Mit diesen Worten ging er hinaus, und Maschenjka blieb allein. Es ist unbekannt, ob sie ihre zerstreuten Gefühle sammelte und woran sie dachte, als sie unbeweglich auf dem gleichen Fleck saß, während sich draußen die feindlichen Nachbarn auseinandersetzten. Sie beharrte in der gleichen Erstarrung, auch als Pjotr Trifonowitsch, Ilja Petrowitsch und Grigorij Iljitschewskij in die Stube traten. Der alte Barssukow rief in freudiger Erregung:

»Du hast es durchgesetzt, Maria: nun kannst du deinen Iljitschewskij heiraten!«

»Ich heirate ihn nicht«, entgegnete Maschenjka leise.

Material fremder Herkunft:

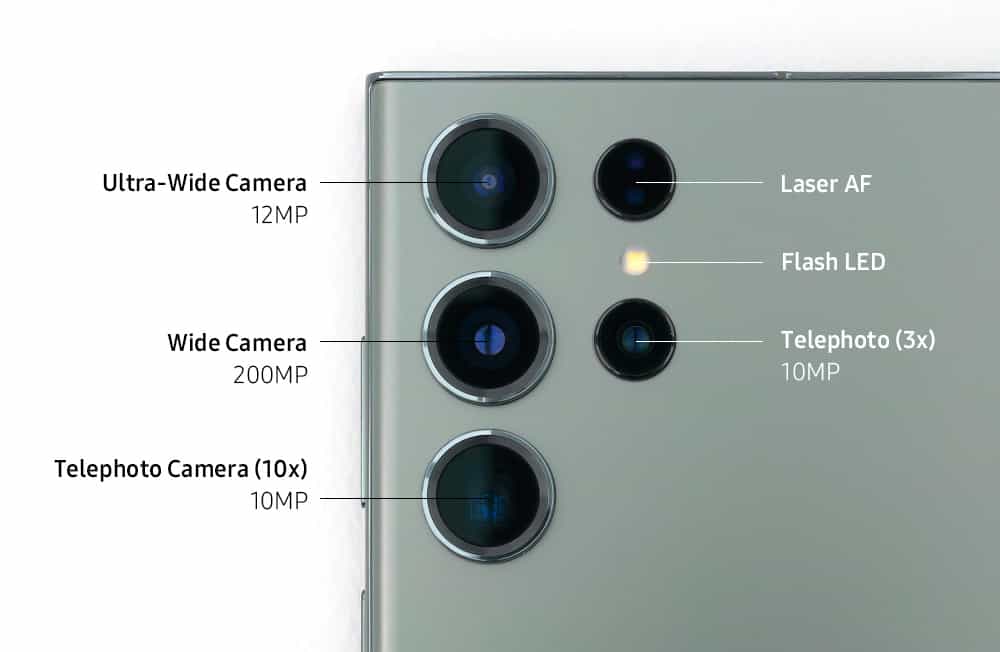 Samsung Galaxy 23 ultra camera innovations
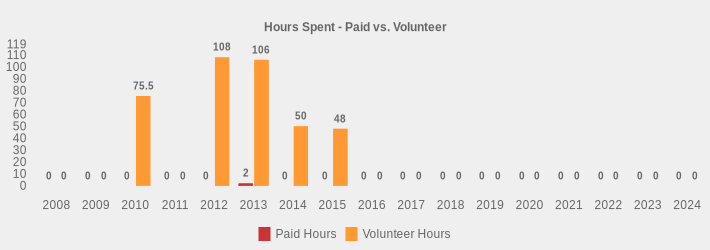 Hours Spent - Paid vs. Volunteer (Paid Hours:2008=0,2009=0,2010=0,2011=0,2012=0,2013=2,2014=0,2015=0,2016=0,2017=0,2018=0,2019=0,2020=0,2021=0,2022=0,2023=0,2024=0|Volunteer Hours:2008=0,2009=0,2010=75.5,2011=0,2012=108,2013=106,2014=50,2015=48,2016=0,2017=0,2018=0,2019=0,2020=0,2021=0,2022=0,2023=0,2024=0|)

Der Vater sah sich verständnislos um und schrie auf:

»In Gartenhäusern täglich Rendezvous haben und in Gasthöfen mit jungen Männern herumsitzen – das kannst du; aber zum Traualtar gehen, das kannst du nicht?! Mit der Peitsche werde ich dich hintreiben! Wozu habe ich mich denn sonst mit diesem Ketzer ausgesöhnt?«

»Er ist ein Betrüger«, sagte Maschenjka noch leiser.

Der Alte lachte auf:

»Habt ihr so etwas gehört?! Die Maskerade paßt ihr nicht! Wäre es dir denn lieber, wenn wir alle ermordet wären und du dich in den Klauen der Räuber befändest? Dein Verlobter ist auch so ein gehöriger Räuber!«

Nun trat Grigorij Alexejewitsch vor. Er ergriff Maria Petrownas Hand und sagte:

»Hast du denn für diesen einen Augenblick unvermeidlicher List alle unsere Schwüre, Küsse und süßen Stunden der Liebe vergessen? Ich will dein treuester Freund und ergebenster Sklave sein. Ist dein Herz zu Stein geworden?« Und er brach in Tränen aus.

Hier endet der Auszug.